Monday, November 30, 2020

from our front yard


It was looking its very best to look like Arizona tonight (but it isn't, and I had to crouch down on rough land and try and avoid turning my foot over in a frozen rabbit hole to take this shot ...).  It's wonderfully cold and clear tonight: the just-shrinking full moon should be up by now.

 

Sunday, November 29, 2020

gardening


 

About a week ago, Alice planted three hydroponic jars and put them on the kitchen window sill - and lo!  Herbie shoots!  These are basil; next door to them are cilantro and mint.  The cilantro is a true act of love on Alice's plant, since she loathes the stuff.  These are also a well-chosen selection, since outdoors, sage and thyme - and maybe a bit of parsley - seem determined to try and grow through the winter (the temperatures later this week might dissuade them ...).  It's very exciting seeing them germinate and grow: this seems much speedier than planting them outside in the early summer.

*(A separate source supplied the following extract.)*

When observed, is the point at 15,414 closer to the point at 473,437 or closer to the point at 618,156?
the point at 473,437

Saturday, November 28, 2020

our mailbox


... this morning, and yes, we do have a cute red cat on a swivel to put up when we want the mailperson to pick up our mail: makes a change from one of those boring red flags.  And yes, it snowed - even if it's mostly melted by now.  And - I think that this pic may be a late front-runner as our holiday card ...

 

Friday, November 27, 2020

dawn


and our walks today were every bit as cold as that looked as it was going to be.  The revelation of this winter, of course, has been that masks keep one's nose and mouth and chin warm.  I'm sure they also protect one against others (and them against us) - but since no one else seems to be crazed enough to head off into the bitter wind to take their exercise, that's a rather secondary consideration.

 

Thursday, November 26, 2020

Thanksgiving with Lucy Fur


How could one be anything but very grateful for this magnificent tabby cat?  Alas, none of the more formal pictures of our Thanksgiving dinner were anything like as impressive as this ...

 

Wednesday, November 25, 2020

baking!


These should be good!  What do I mean, putting that in the future tense?  We had one each after dinner, and they were beyond excellent.  For years - rephrase that, for decades - I made chocolate chip cookies with chocolate powder (preferably Cadbury's Drinking Chocolate powder): I think that the recipe (a particularly good one involving icing sugar, aka (in the US) confectioner's sugar) probably came from Child Education.  I can't remember a time when I haven't made them this way - until Alice let on that she prefers them with plain (if vanilla-infused) dough.  I have changed my ways - initially, very grudgingly, but I have to admit that these are extremely good, too, even if they have the sad deficiency in that they fail to act in a madeleine kind of way, and don't transport me back to my childhood.  These, in fact, have "spiced pecan dust" in them too (courtesy of Zingerman's, again, like the cheese), which is an addition that I wholeheartedly recommend.  So: definitely a culinary gesture in the direction of Thanksgiving.

 

Tuesday, November 24, 2020

a cold and wintry morning


We woke up to snow - not so much snow on the ground, as thick snow falling in wet clumps, which started to melt almost as soon as it had had time to settle and look pretty.  The morning glory is playing its customary role as prop - albeit now in a dessicated form.  I really must gather the seeds ...



 

Monday, November 23, 2020

setting sun, chamisa


It stopped being grey in late afternoon, and swapped out thick clouds for a windy sky.  And this is proof that sometimes it works to defy orthodoxy, and point a lens straight at the sun - which also means one can't quite guess how the image will turn out.  Also, I'm beginning to think that lack of travel this year has meant that I've taken an inordinately large number of pictures of chamisa bushes.